Opening measures of meditative whole notes compel a hush over an already rapt audience. With a quick tap, Lea kindles a looping pedal at her side and layers the lines into a saturnine blend. She sprinkles in woody pizzicato and then sings utterly haunting poetry: “Our love’s a complex, vintage wine, all rotted leaves and lemon rind. I spit you out, but now you’re mine.” Her delicate voice floats atop the dusky layers. A melancholy solo touched with quavering vibrato sends the emotions home. Later, Lea tells me it was a private teacher in high school—who’d make her start over if she cringed at her mistakes—who reinforced the importance of sustaining an atmosphere for the audience. “It’s really about keeping the magic alive,” she says.
The bittersweet magic of the song itself is central to why Lea was at Joe’s Pub in the first place.

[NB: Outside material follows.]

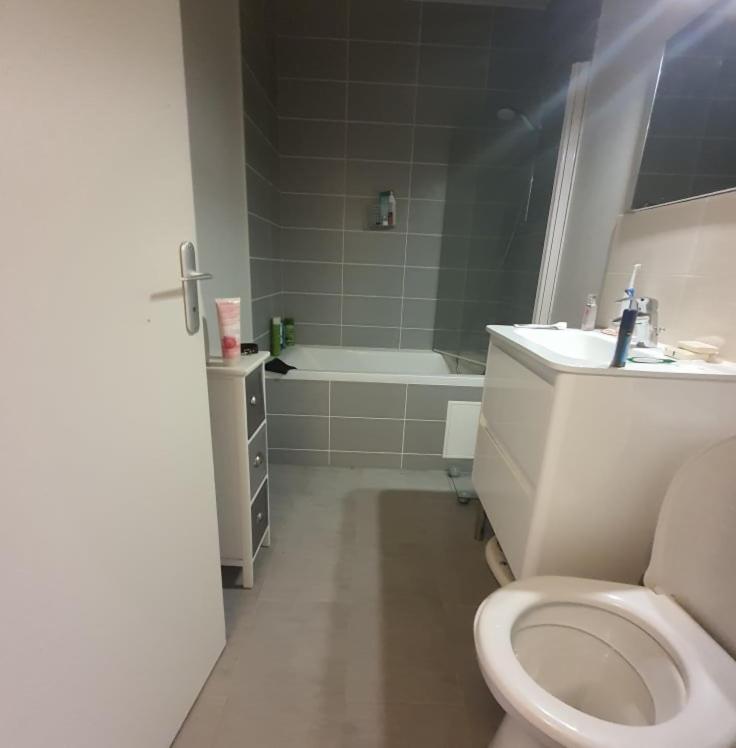La salle de bains est pourvue de toilettes, d'un lavabo et d'une baignoire. dans l'établissement Sam's, à Le Pré-Saint-Gervais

In 2016, Lea won NPR’s second annual Tiny Desk Contest. Two students alerted her to the contest and, with a friend’s help, Lea recorded herself via iPhone performing the tune “Someday We’ll Linger in the Sun” in her Duluth, Minnesota, teaching studio. In the video, just out of frame, is the majority of her wheelchair. Lea wanted the focus to be on the music. Her unique sound captured the judges’ attention—and held it. “Hers was
the one melody that stayed with me throughout the process. It’s captivating and powerful,” wrote contest judge Holly Laessig of the indie-pop band Lucius.
The win was a surprise. “I was not miserable or looking for an out when the Tiny Desk happened. I really liked my life,” Lea says. It’s the day after the Joe’s Pub concert and we’re at a café in Queens. She has an afternoon of travel ahead to make a Philadelphia gig, but she looks ready for a picnic, sporting a straw hat and a summery patterned dress. Before Tiny Desk, Lea would play around six shows a month and busk, both solo and with guitarist Alan Sparhawk, bandmate in their duo the Murder of Crows. She was just getting more serious about performing. “I had a really beautiful studio on the lake, 15 students. I got to play a lot . . . I was happy,” she says.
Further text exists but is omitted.